Some may have lost money in the crash of 2008/9 and since then may have thought (as I did) that if the wealth managers, stockbrokers etc. in the City of London or other financial centres can make such a mess of investing on my behalf then I might as well have some fun investing in a local business or start-up myself; and in the process help the local economy build back to pre-recessionary times and generate some employment at the same time.
Young businesses and start-ups can often afford to be flexible in the market place and out-manoeuvre established concerns – they can innovate, utilising all of the new marketing tools available and build sustainable, scalable and profitable enterprises into the future.
I consider myself lucky to have been a successful businessman and investor in Sussex, with the vibrant and forward thinking City of Brighton and Hove at its heart. The energy, ideas, innovation and creativity of its entrepreneurial citizens shines through, so putting something back into that community is indeed a smart business move.

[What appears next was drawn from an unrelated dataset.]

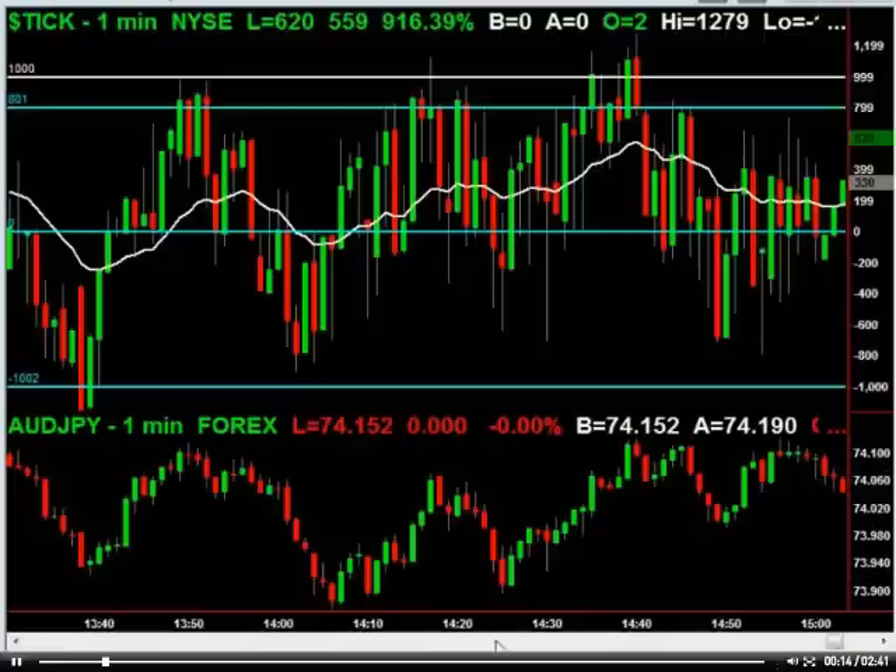Hey guys, it's tonight's free video. I want to talk a little bit about some trading I've been doing in the ticks — it's been a good mix using the ticks. You can see that the moving average here. Today was actually a pretty good day for it, especially towards around 1:30 or so.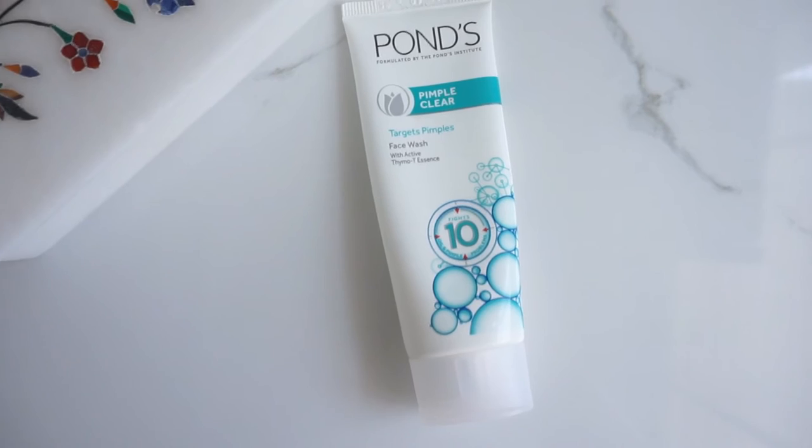After makeup removers and cleansers, we have face washes, and these three are my absolute favorites. This one works wonders — more than I expected — and that's the Ponds Little Clear Face Wash, launched a couple of months ago. I went to the launch event and they were saying you get clear skin in three days, and I thought it was just a sales pitch, but it actually works. I've reviewed it in detail on my blog. If you have acne-prone skin, do check this out — it does not dry out your skin like other acne face washes do, it's effective, and it's very affordable.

I always look out for the next wave of business talent – who knows, I might just end up backing the next Anita Roddick!
But, don’t just take my word for it – many leading business people have commented on the benefit of investing locally, wherever local might be.
Celebrity tycoon Doug Richard is launching a new course in Sheffield for aspiring entrepreneurs across the North to turn their creative talents into a business. He says: “The truth is, supporting start-ups is the best investment local leaders can make to increase prosperity in a given region. New business owners make investments in everything from new workspaces to new employees in their first couple of years.”

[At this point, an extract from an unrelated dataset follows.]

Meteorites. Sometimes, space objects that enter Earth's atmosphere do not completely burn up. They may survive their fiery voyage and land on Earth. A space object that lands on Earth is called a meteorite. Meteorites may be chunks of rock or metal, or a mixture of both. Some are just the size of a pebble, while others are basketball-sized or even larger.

Firm Age, Investment Opportunities, and Job Creation (a paper by Manuel Adelino, Song Ma, and David T. Robinson) asks whether start-ups react more to changing investment opportunities than more mature firms do. We use the fact that a region’s pre-existing industrial structure creates exogenous variation in the severity of its exposure to nationwide manufacturing shocks to develop an instrument for changing investment opportunities, and examine employment creation in the non-tradable sector as a response to those opportunities. Start-ups are much more responsive to changing local economic conditions than older firms. Moreover, their responsiveness doubles in areas with better access to small business finance, suggesting that financing constraints are an important brake on job creation in the start-up sector. Although we focus mostly on the non-tradable sector for empirical identification, our results extend to other sectors of the economy, indicating that the mechanisms we uncover are economically pervasive. This suggests that factors like organisational flexibility and innovativeness may be important drivers of job creation among start-ups.

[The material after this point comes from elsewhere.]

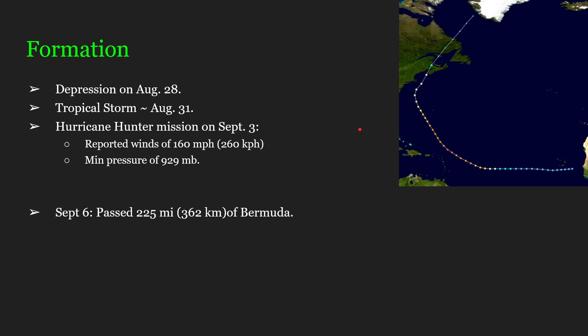On September 3rd, a Hurricane Hunter mission would report winds of 160 mph — that is 260 km/h — and a gnarly minimum pressure of 929 mb. Definitely not the lowest that has ever happened, but still very low nonetheless.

Lastly a quote by an inspiring business women Dame Anita Roddick, Human Rights Activist and Founder of The Body Shop: “You’ve got to be hungry – for ideas, to make things happen and to see your vision made into reality.” The very first Body Shop store opened on 26th March 1976 in Brighton, on the south coast of England. By 1978, a kiosk in Brussels became the first overseas franchise, and by 1982 new shops began opening at a rate of two per month.